• _WORK ITEM_
Quote the data exactly, first line to the line containing "crea un payaso", with no pictures.

(Caption-style text data)
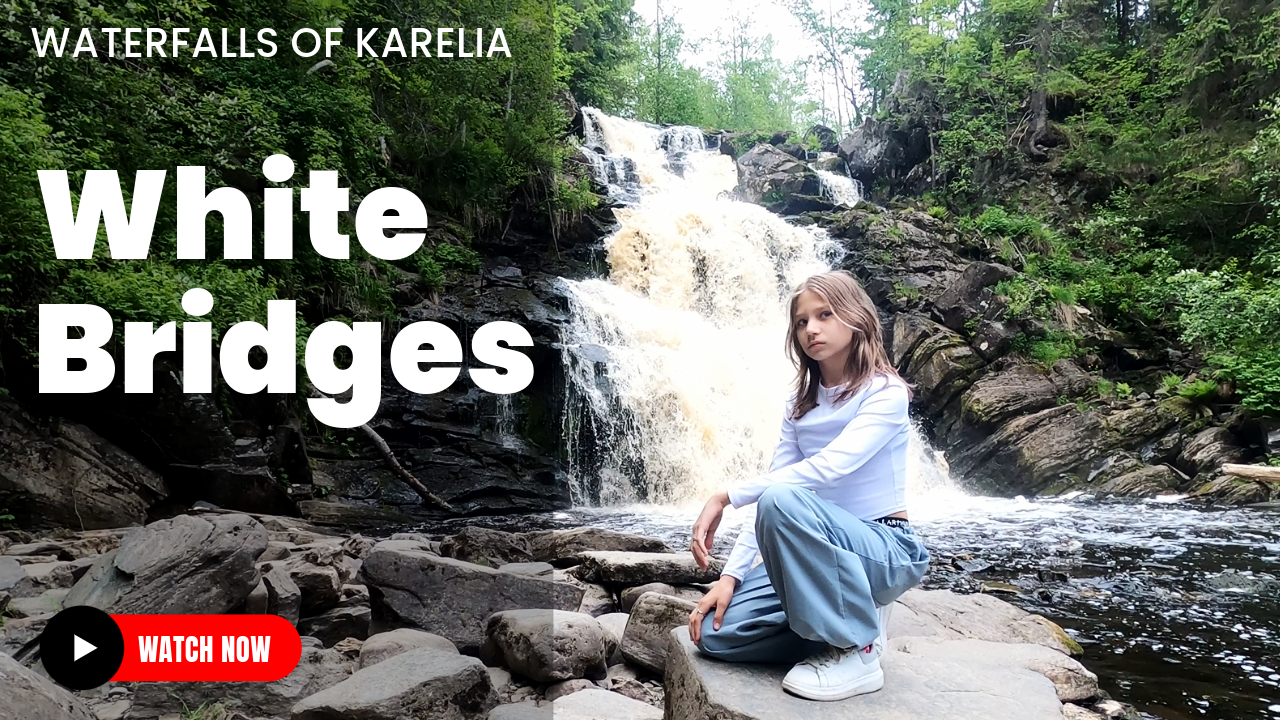 Водопад Белые мосты 🌊 Юканкоски в Карелии 🙃 Куда пойти с ребенком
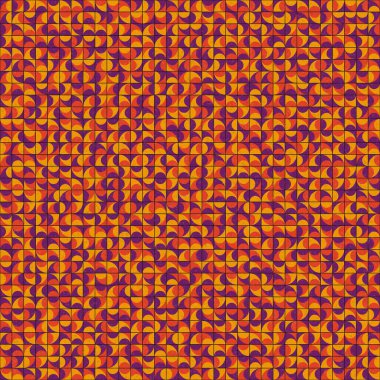 Soyut Geometrik Desen üretken hesaplama sanatı çizimi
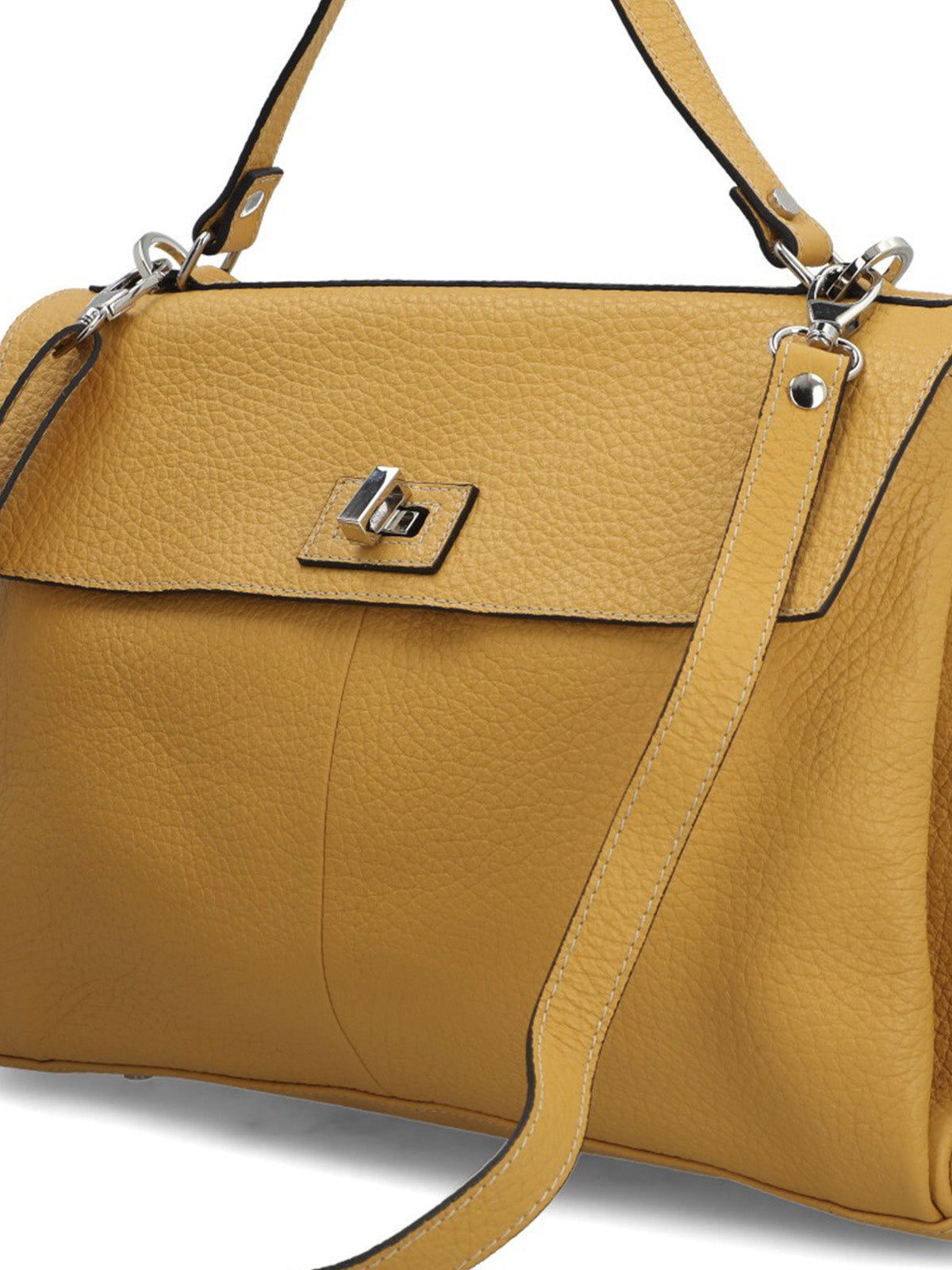 Cartera Cerutti Cuero Mujer Sicilia Bag Amarillo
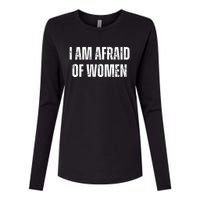 Funny I Am Afraid Of Womens Cotton Relaxed Long Sleeve T-Shirt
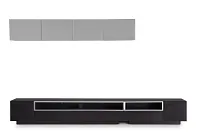 Vancouver 134" Dark Tone Gray 6-piece Left Modular Entertainment Wall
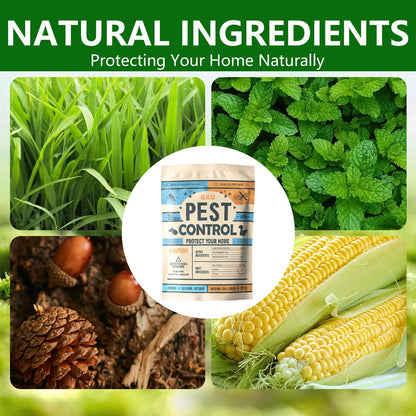 Pest Control Pouches, Mosquito Repellent, Repellent for Mice.Rats. Ants. Cockroaches. Moths and Other pests, Peppermint Oil, Mouse Repellent,Rat Repellent for House (10p)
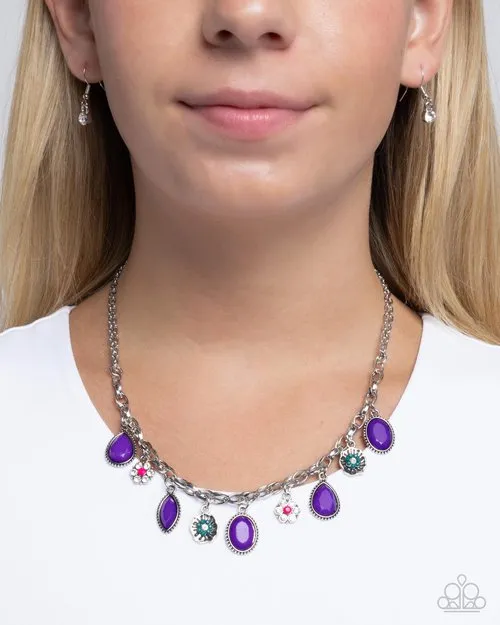 Paparazzi Jewelry Necklaces Paparazzi Necklace Fancy Finish Purple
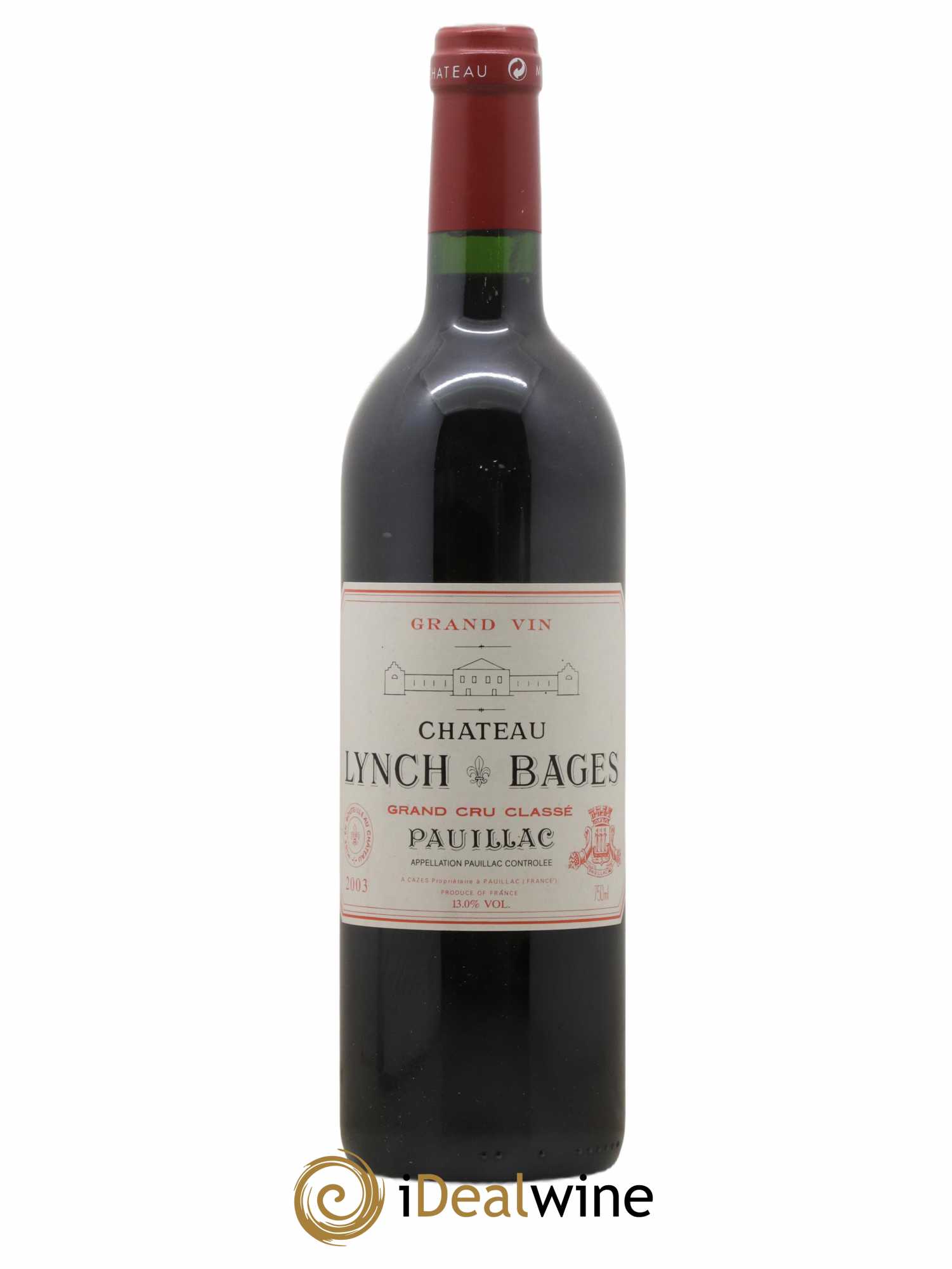 Château Lynch Bages 5ème Grand Cru Classé 2003 - Lot de 1 bouteille - 0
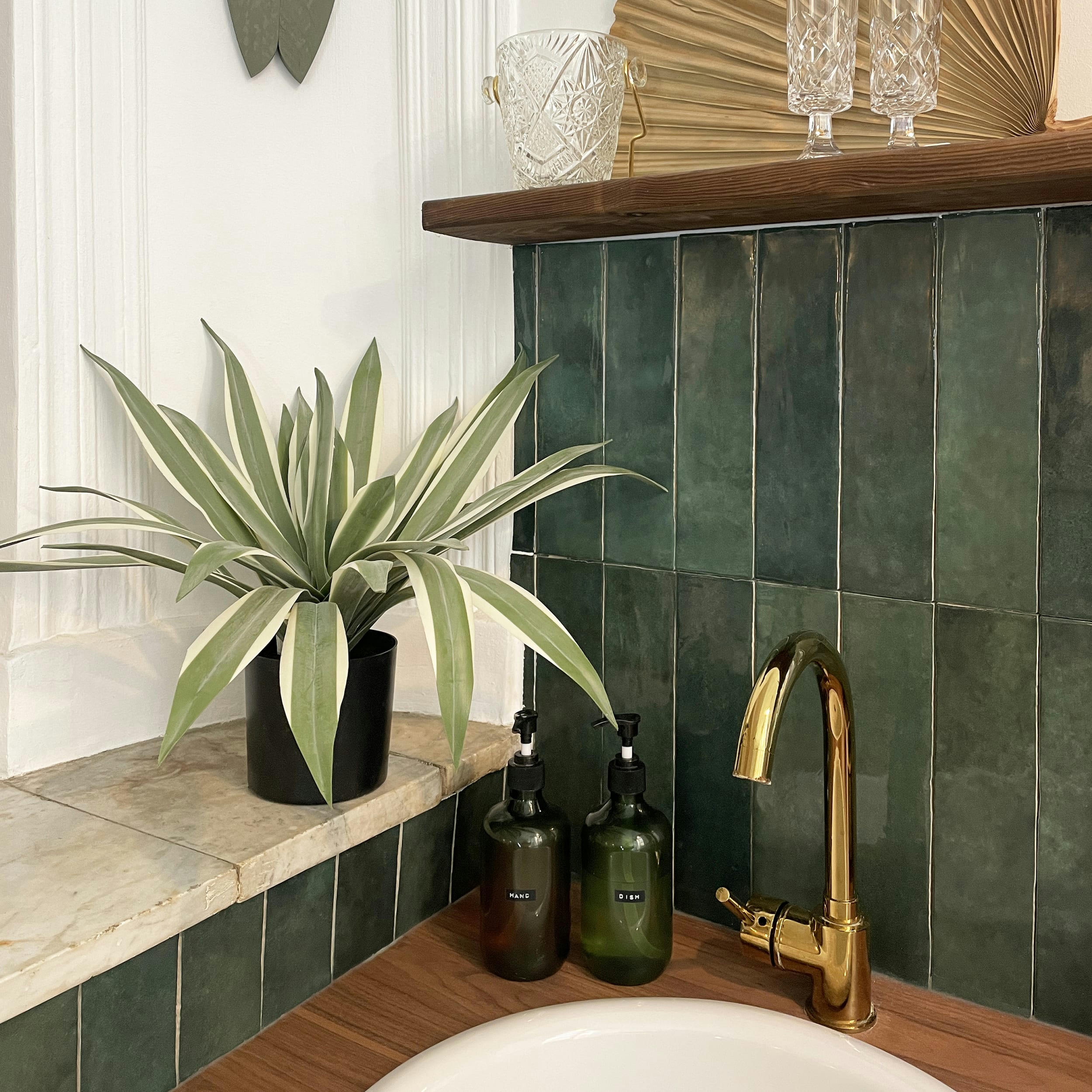 - Agave artificiel toucher naturel 45cm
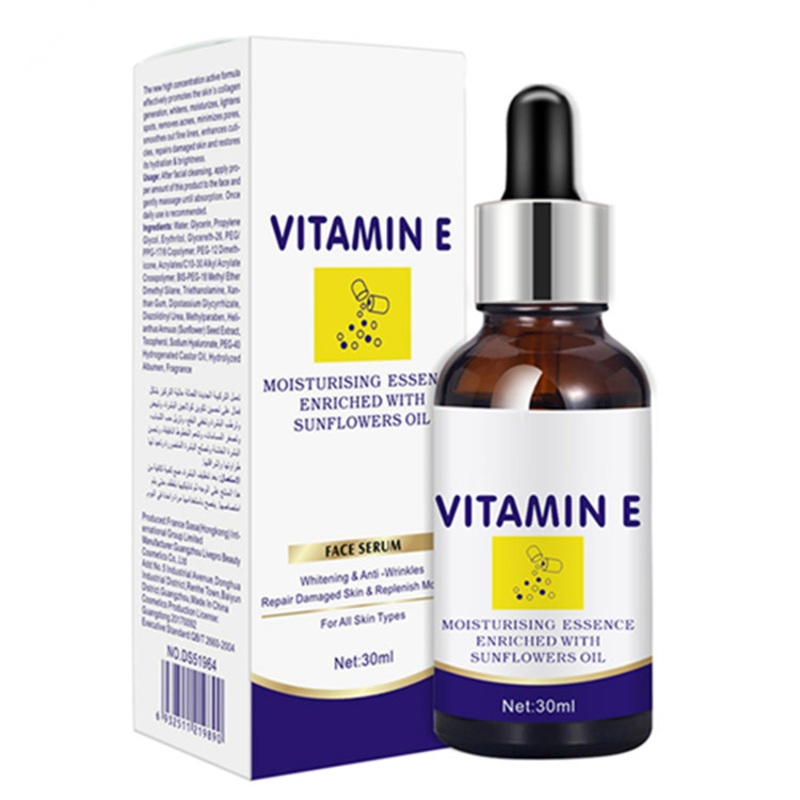 Natural Skin Whitening Retinol Vitamin E Face Serum with Hyaluronic Acid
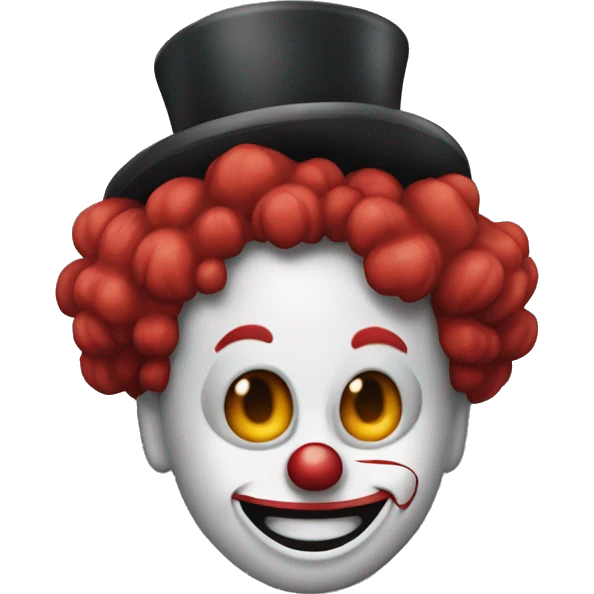 crea un payaso con audífonos riendo  emoji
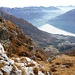 Blick vom Valsolda  über Dasio, Drano, Loggio, zum italienischen Teil des Luganersees mit Osteno am gegenüberliegenden Ufer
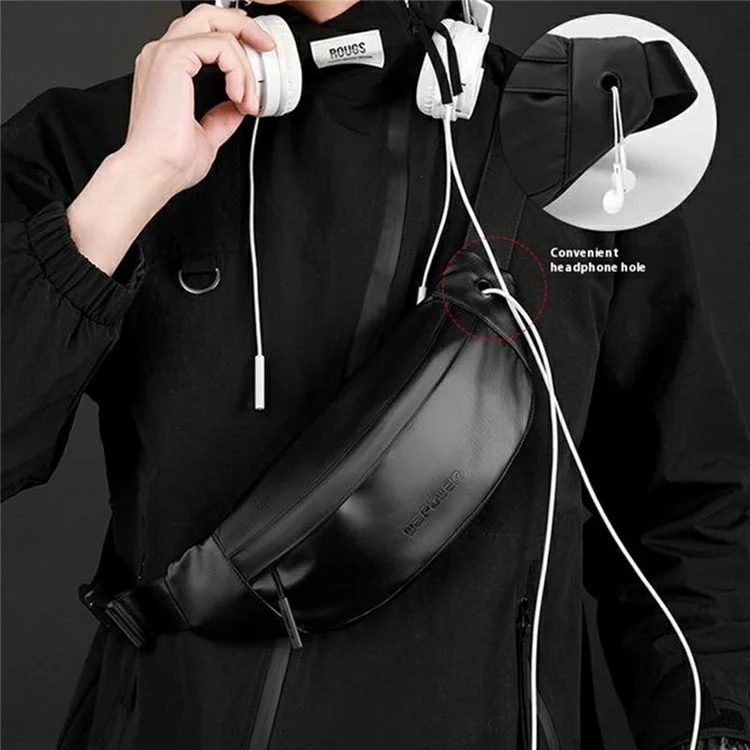 WEPOWER 7687# Marsupio Sportivo Cintura Running Borsa Porta Telefono Borsa a Tracolla Petto - Nero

• _SOLUTION TO THE PROBLEM_
 Водопад Белые мосты 🌊 Юканкоски в Карелии 🙃 Куда пойти с ребенком
 Soyut Geometrik Desen üretken hesaplama sanatı çizimi
 Cartera Cerutti Cuero Mujer Sicilia Bag Amarillo
 Funny I Am Afraid Of Womens Cotton Relaxed Long Sleeve T-Shirt
 Vancouver 134" Dark Tone Gray 6-piece Left Modular Entertainment Wall
 Pest Control Pouches, Mosquito Repellent, Repellent for Mice.Rats. Ants. Cockroaches. Moths and Other pests, Peppermint Oil, Mouse Repellent,Rat Repellent for House (10p)
 Paparazzi Jewelry Necklaces Paparazzi Necklace Fancy Finish Purple
 Château Lynch Bages 5ème Grand Cru Classé 2003 - Lot de 1 bouteille - 0
 - Agave artificiel toucher naturel 45cm
 Natural Skin Whitening Retinol Vitamin E Face Serum with Hyaluronic Acid
 crea un payaso con audífonos riendo  emoji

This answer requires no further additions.